En étudiant le concept dans le domaine de l’assistance sociale, Dimenstein et Cirilo Neto (2020) affirment que la vulnérabilité est associée à des groupes privés de ressources matérielles et symboliques et également utilisée à des fins de marginalisation, d’exclusion et d’insécurité sociale. Les auteurs soulignent une tendance au réductionnisme, à la naturalisation et à l’individualisation des processus de vulnérabilité des populations. Silva et Bomfim (2018) soulignent que la notion de vulnérabilité et de risque social dans la politique d’aide sociale est utilisée comme une garantie des droits fondamentaux.

Dans ce contexte, nous proposons une réflexion théorique sur la vulnérabilité et les risques, une problématisation des effets de ces définitions dans le quotidien des services : il s’agit d’effets qui traversent les interventions réalisées dans des situations qui produisent des remises en question et des tensions dans l’équipe appelée à intervenir dans des cas de vulnérabilité sociale comportant des risques personnels et sociaux. Ces effets peuvent rendre les familles vulnérables et leur méconnaissance diminuer leurs capacités, ainsi que le rôle d’acteur et l’autonomie des familles. Nous croyons que, au-delà de la vulnérabilité, la subjectivité, non seulement des usagers, mais également des professionnels, de psychologues et d’assistants sociaux, a des implications dans les relations qui se construisent et qui soutiennent les pratiques dans l’assistance sociale. En essayant d’agir dans ce cadre, nous avons relevé certains risques présents dans le rapport de l’équipe avec les usagers qui rendent plus difficile le développement de leur pouvoir d’agir.

À propos de la vulnérabilité et des risques sociaux

À notre avis, le SUAS est mis en oeuvre dans la transversalisation des dimensions macropolitique et micropolitique, des formes et des forces qui nous constituent en tant que professionnels insérés dans ce contexte, et passent au travers de nos actions dans l’assistance sociale. C’est dans cette transversalisation que la mise en oeuvre de l’action du SUAS s’effectue par des interventions auprès des usagers, dans le rapport entre les professionnels qui forment les équipes et dans ceux qu’entretiennent ces équipes avec les autres secteurs, au regard du côté bureaucratique et du travail lui-même.

Transversaliser le quotidien de l’assistance sociale revient à l’englober, à travers son immanence signalée par Deleuze et Guattari (1980), ses durcissements et cristallisations, de la dimension molaire, ses mouvements qui peuvent produire des actions puissantes et inventives, le moléculaire, mettant en avant l’atteinte de ses effets : « Toujours immanence des strates et du plan de consistance, ou coexistence des deux états de la machine abstraite comme de deux états différents d’intensité » (Deleuze et Guattari, 1980, p. 74). Cette notion soutient notre cadre d’analyse, parce qu’elle permet de prêter attention au processus de reproduction et de création dans notre réflexion, en fonction de l’aménagement des formes et des forces dans l’assistance sociale, tout en examinant dans quelles circonstances et avec quelles coupures et connexions elles ont lieu.

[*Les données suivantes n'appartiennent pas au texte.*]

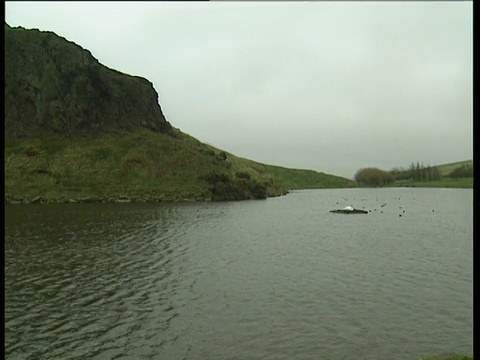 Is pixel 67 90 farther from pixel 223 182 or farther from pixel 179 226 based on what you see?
pixel 179 226

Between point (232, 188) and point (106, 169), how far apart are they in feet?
119

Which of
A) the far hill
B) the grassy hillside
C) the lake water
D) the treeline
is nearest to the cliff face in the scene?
the far hill

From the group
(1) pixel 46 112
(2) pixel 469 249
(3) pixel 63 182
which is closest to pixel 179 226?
(2) pixel 469 249

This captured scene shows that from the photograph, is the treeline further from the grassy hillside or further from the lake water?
the lake water

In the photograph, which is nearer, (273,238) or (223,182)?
(273,238)

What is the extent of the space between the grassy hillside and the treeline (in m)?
1.83

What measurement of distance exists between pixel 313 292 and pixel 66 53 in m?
134

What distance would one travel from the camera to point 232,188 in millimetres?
109000

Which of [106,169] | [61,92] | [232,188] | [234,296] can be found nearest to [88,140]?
[106,169]

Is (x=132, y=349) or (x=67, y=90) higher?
(x=67, y=90)

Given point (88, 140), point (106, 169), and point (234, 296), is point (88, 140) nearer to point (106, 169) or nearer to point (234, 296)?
point (106, 169)

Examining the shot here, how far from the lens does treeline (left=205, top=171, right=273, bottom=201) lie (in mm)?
104250

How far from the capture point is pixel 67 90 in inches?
4808

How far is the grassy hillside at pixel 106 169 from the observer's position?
91250 millimetres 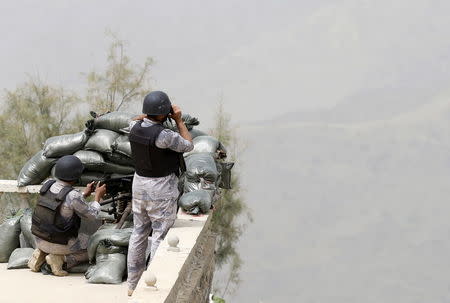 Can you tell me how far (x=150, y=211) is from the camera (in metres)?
5.87

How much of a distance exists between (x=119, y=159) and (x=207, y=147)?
0.95m

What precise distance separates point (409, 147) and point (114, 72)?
11814 cm

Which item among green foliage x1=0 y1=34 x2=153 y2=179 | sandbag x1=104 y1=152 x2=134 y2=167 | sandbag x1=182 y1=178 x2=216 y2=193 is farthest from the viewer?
green foliage x1=0 y1=34 x2=153 y2=179

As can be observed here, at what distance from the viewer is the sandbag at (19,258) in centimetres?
675

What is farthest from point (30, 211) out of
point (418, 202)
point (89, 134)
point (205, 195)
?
point (418, 202)

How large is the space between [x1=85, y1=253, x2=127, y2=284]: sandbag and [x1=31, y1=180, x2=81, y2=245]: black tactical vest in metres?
0.33

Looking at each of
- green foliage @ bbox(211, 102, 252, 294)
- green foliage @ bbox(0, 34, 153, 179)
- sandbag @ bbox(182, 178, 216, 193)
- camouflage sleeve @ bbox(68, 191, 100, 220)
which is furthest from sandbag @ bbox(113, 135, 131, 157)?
green foliage @ bbox(211, 102, 252, 294)

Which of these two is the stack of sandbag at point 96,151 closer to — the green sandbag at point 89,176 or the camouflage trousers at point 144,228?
the green sandbag at point 89,176

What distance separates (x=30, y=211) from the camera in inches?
292

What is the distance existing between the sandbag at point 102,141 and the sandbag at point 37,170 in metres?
0.45

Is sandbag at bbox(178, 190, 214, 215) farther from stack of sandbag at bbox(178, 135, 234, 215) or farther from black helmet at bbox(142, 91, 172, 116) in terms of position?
black helmet at bbox(142, 91, 172, 116)

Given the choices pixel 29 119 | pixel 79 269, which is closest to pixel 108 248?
pixel 79 269

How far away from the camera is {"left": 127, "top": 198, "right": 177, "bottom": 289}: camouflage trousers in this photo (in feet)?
19.2

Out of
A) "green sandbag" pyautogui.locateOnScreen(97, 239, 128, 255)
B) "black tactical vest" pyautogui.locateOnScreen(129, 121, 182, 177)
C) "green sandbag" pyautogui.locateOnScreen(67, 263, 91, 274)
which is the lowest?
"green sandbag" pyautogui.locateOnScreen(67, 263, 91, 274) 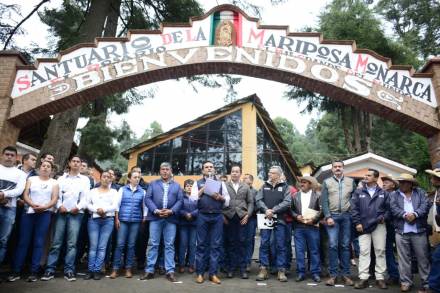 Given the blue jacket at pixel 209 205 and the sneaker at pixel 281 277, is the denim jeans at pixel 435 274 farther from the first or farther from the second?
the blue jacket at pixel 209 205

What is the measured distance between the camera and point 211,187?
588 centimetres

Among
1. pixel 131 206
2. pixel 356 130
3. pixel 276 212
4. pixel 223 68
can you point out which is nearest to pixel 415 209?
pixel 276 212

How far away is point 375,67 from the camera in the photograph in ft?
22.2

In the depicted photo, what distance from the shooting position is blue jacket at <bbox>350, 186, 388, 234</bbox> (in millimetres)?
5664

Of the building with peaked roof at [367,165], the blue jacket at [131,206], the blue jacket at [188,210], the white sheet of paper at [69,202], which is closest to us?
the white sheet of paper at [69,202]

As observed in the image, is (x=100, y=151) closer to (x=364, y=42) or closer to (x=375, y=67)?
(x=375, y=67)

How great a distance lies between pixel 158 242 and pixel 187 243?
35.7 inches

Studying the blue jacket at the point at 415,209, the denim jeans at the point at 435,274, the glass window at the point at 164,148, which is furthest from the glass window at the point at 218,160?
the denim jeans at the point at 435,274

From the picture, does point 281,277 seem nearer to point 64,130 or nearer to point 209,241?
point 209,241

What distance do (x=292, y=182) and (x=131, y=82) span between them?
2099 cm

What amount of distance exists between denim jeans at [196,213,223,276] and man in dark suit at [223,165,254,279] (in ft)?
1.33

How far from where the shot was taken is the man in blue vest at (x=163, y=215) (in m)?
5.68

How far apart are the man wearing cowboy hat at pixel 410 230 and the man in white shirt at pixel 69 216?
4.99 m

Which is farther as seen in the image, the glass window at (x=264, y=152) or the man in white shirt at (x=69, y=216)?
the glass window at (x=264, y=152) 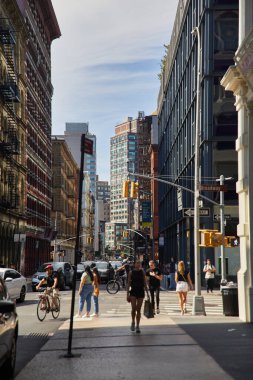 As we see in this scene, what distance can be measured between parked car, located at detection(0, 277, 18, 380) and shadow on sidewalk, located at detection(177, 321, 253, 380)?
11.2 feet

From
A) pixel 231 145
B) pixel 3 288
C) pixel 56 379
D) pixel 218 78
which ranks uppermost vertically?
pixel 218 78

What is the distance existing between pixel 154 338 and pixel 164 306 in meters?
11.3

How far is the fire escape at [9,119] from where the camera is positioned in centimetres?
5062

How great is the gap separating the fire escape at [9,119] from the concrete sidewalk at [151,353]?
A: 35512mm

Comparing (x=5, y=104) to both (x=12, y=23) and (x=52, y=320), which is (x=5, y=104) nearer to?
(x=12, y=23)

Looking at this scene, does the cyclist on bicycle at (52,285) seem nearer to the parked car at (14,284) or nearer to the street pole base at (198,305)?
the street pole base at (198,305)

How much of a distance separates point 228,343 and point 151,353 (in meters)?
2.07

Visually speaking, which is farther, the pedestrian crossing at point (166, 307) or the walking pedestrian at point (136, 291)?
the pedestrian crossing at point (166, 307)

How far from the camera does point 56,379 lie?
31.2 feet

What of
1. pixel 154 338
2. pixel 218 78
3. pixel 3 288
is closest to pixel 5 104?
pixel 218 78

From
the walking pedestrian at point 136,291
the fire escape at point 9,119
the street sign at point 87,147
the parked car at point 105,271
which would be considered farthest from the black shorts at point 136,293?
the fire escape at point 9,119

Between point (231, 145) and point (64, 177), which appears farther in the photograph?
point (64, 177)

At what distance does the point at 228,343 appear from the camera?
43.3ft

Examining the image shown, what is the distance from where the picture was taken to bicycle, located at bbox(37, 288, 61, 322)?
1973 centimetres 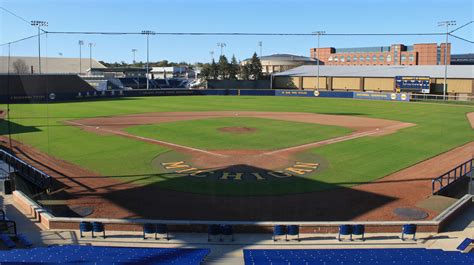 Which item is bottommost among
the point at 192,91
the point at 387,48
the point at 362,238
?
the point at 362,238

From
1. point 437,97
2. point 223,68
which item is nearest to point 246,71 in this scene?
point 223,68

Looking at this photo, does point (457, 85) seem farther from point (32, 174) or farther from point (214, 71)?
point (32, 174)

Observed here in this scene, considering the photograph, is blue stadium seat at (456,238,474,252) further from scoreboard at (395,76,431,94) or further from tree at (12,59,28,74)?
scoreboard at (395,76,431,94)

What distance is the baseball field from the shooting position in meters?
19.9

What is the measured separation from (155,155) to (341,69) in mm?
80997

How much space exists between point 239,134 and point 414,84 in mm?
52348

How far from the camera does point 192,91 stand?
289 ft

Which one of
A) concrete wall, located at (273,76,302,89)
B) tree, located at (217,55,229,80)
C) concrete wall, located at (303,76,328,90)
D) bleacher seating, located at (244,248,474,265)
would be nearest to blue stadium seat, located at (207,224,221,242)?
bleacher seating, located at (244,248,474,265)

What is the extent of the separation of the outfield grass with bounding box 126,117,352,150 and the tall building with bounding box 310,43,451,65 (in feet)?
318

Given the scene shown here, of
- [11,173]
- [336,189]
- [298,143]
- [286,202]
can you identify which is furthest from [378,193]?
[11,173]

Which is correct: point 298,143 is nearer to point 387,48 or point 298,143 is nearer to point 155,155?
point 155,155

Les auteurs ont une pensée qui s’appuie sur l’extériorité privilégiant les forces qui traversent la réalité et remettent en cause notre mode de pensée hégémonique, axé sur des schémas explicatifs transcendants et généralisants. Ils proposent ainsi des lectures circonstancielles et singulières du fonctionnement d’une certaine réalité qui se produit à travers des connexions et des productions, en se concentrant sur les relations qui s’y établissent et sur leurs effets. Dans leurs lectures, la reproduction se fait au niveau molaire et l’invention au niveau moléculaire. Le molaire « c’est la constitution d’un monde d’objets et de sujets stratifiés, identifiés, hiérarchisés » (Guattari, 1979, p. 48) tandis que le moléculaire est « la plus ou moins grande malléabilité des agencements à se plier aux divers pouvoirs d’assujettissement » (Guattari, 1979, p. 49). Cette pensée a lieu par immanence, par la coexistence de la reproduction et de l’invention, et la distinction molaire/moléculaire renvoie à différents fonctionnements.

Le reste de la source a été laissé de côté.